Baum muss weichen

Einstimmig beschlossen: 180 Jahre alte Dorflinde in Gestratz wird gefällt

Die 180 Jahre alte Dorflinde in Gestratz wird gefällt. Das hat der Gemeinderat beschlossen.

Die 180 Jahre alte Dorflinde in Gestratz wird gefällt. Das hat der Gemeinderat beschlossen.

Bild: Olaf Winkler

Die 180 Jahre alte Dorflinde in Gestratz wird gefällt. Das hat der Gemeinderat beschlossen.

Bild: Olaf Winkler

Ein Schild weist den Baum nahe der Kirche in Gestratz als Naturdenkmal aus. Dennoch muss er nun weichen. Der Bürgermeister rechnet mit Kritik.
15.10.2020 | Stand: 07:38 Uhr

Die Gemeinde Gestratz wird ihre 180 Jahre alte Dorflinde fällen lassen. Dies hat der Gemeinderat einstimmig beschlossen. Der beauftragte Baumpfleger hatte schon in den vergangenen zwei Jahren auf die Gefahr für Passanten aufmerksam gemacht, die von der alten Linde ausgeht.
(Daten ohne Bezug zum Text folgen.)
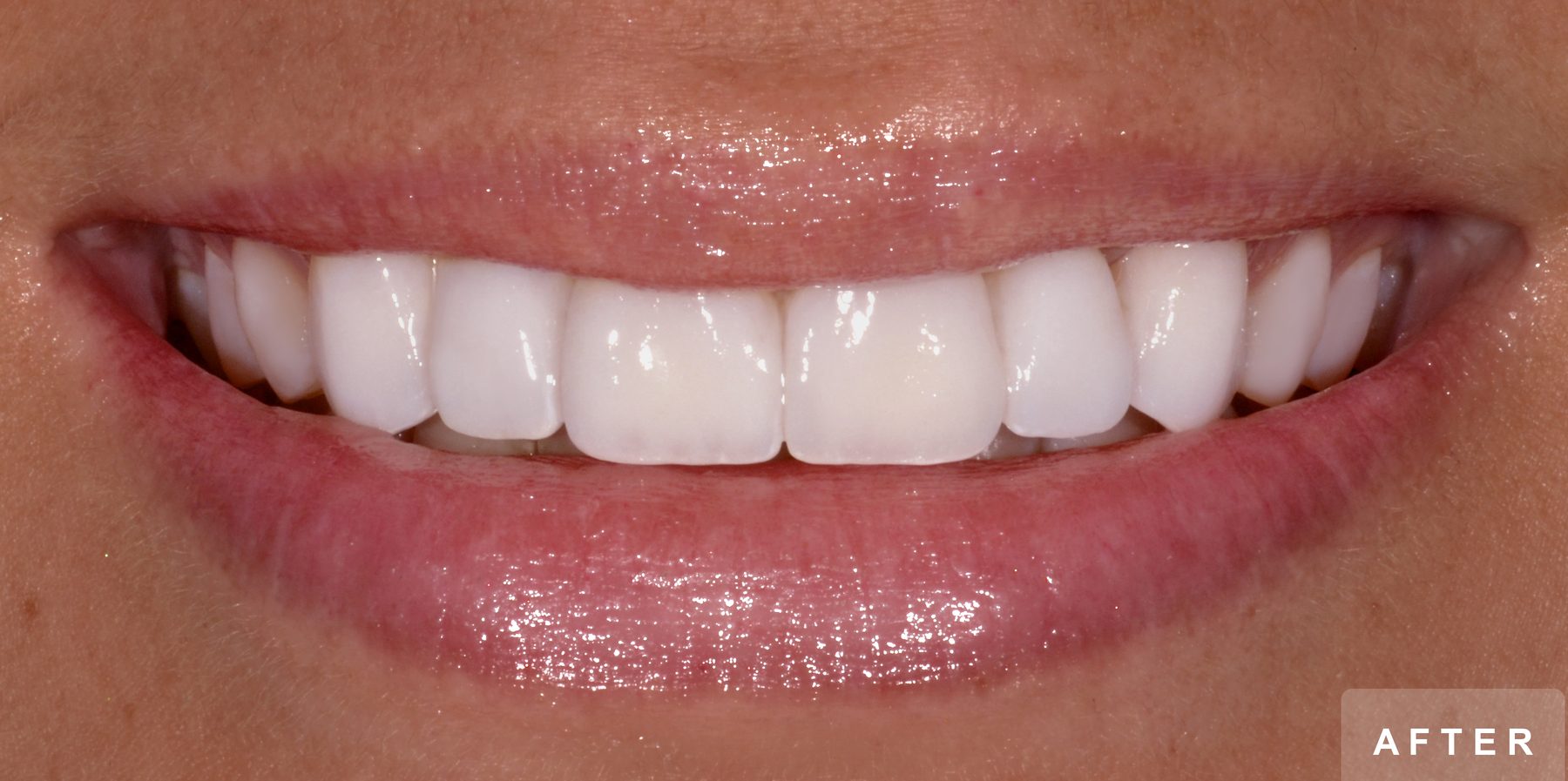 Smile after treatment: bright, even upper front teeth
Bürgermeister Engelbert Fink fürchtet Kritik aus dem Ort, stellte aber fest: „Wir müssen da ran.“ Schon jetzt wirkt der Baum in Teilen abgestorben. „Da ist kein Saft mehr da“, sagte Fink. In der Folge drohen einzelne Äste bei Wind herabzufallen. Unterhalb der Dorflinde befinden sich aber ein Gehweg und eine Bushaltestelle. Bliebe die Gestratzer Dorflinde stehen, müsste der Bereich abgesperrt werden. „Wir müssten das Buswartehäuschen für den Betrieb sperren“, nannte Bürgermeister Fink eine der möglichen Konsequenzen.

Baum ist laut Landratsamt nicht als Naturdenkmal eingetragen

Denkbar wäre es auch, mit technischen Mitteln ein Herabfallen von Totästen zu verhindern. Das wäre aber mit viel Aufwand und Kosten verbunden. Ein Schild des Heimatvereins weist den Baum als „Naturdenkmal“ aus und nennt als Pflanzdatum das Jahr 1840.
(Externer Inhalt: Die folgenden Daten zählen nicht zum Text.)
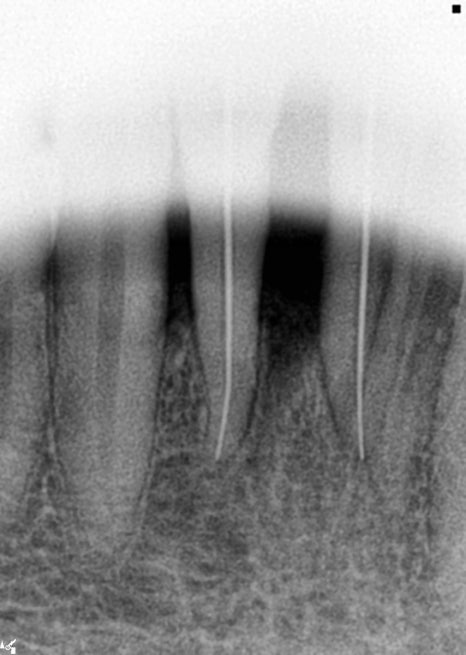 임플란트 순서 어금니부터 앞니부터 어디부터 해야할까요 관련 이미지 7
Doch die Nachfrage des Bürgermeisters beim Landratsamt ergab: Die Linde ist kein eingetragenes Naturdenkmal, weshalb die Entscheidung über eine mögliche Fällung ganz bei der Gemeinde lag.

Die Ratsmitglieder waren sich dabei schnell einig: Es kommt nur ein Fällen in Betracht. „Auch wenn es weh tut und man dafür geprügelt wird“, wie es der Bürgermeister formulierte (Lesen Sie auch: Diese Westallgäuer Gemeinden bieten noch Bauplätze an).

Gemeinderat Alexander Reich: "Es wird etwas fehlen"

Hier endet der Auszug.